Set up in minimalist rows and stacks on a low platform, five arrangements of this type of work are flanked by two floor-to-ceiling video projections devised to remind viewers that Buchanan conceived most of her “ruins,” particularly those she made in the 1980s while living in Georgia, as site-specific earthworks. Created by the curators for the exhibition, the videos document four outdoor locations and record the effects of time and weather on the works that have remained. Most are decidedly unmonumental and, as the videos reveal, easy to miss. Among them is Marsh Ruins (1981), located on St. Simon’s Island, just a few miles from Georgia’s Marshes of Glynn, an area of coastal wetlands. The artwork, which looks like an unassuming group of boulders, pays tribute to seventy-five enslaved Africans who, having survived the Middle Passage, chose to drown themselves rather than live as slaves. No marker or monument previously existed to preserve that history, which seems an elision of sinister proportions. The quiet forms of Buchanan’s memorial, covered in tabby, can be seen in one of the videos, still crouching in the sea grass beside the water.

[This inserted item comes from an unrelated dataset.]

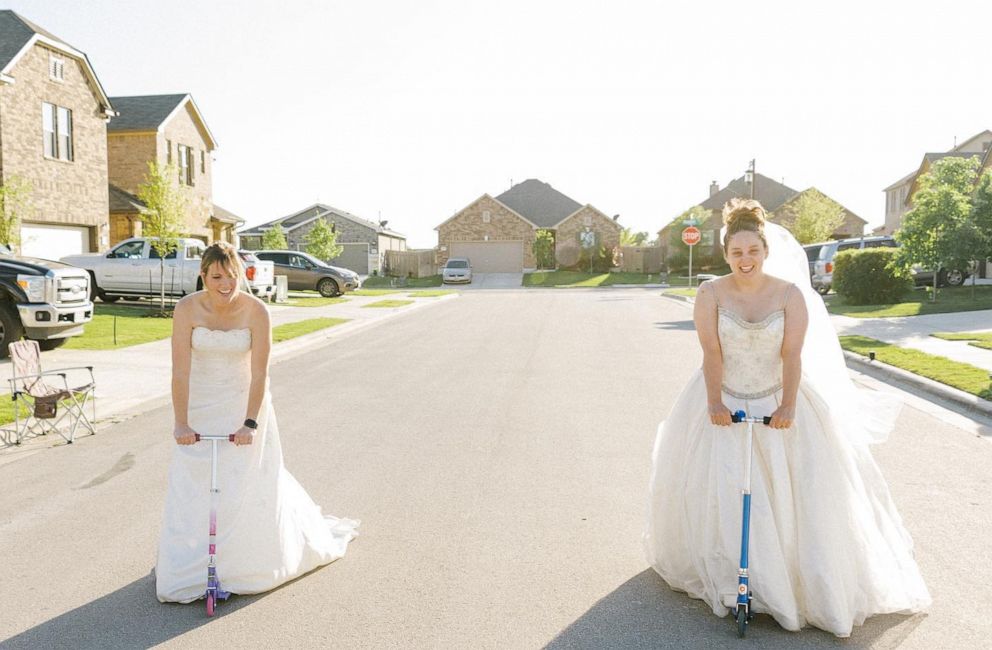 PHOTO: These six neighbors were took part in “wedding dress Wednesday” to pass the time amid the coronavirus outbreak.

The section “The Artist and Her Archive” provides further documentation of Marsh Ruins amid a compendium of ephemera attesting to Buchanan’s prodigious output, including humorous polaroid self-portraits, notebook drawings, business cards, photographic documentation for a Guggenheim grant, artist’s books, and mixed-medium works devoted to influential friends like curator Lowery Stokes Sims. What emerges in the end is a powerful portrait of a once-marginalized artist who, like the people and places memorialized in her work, has finally been given her proper due.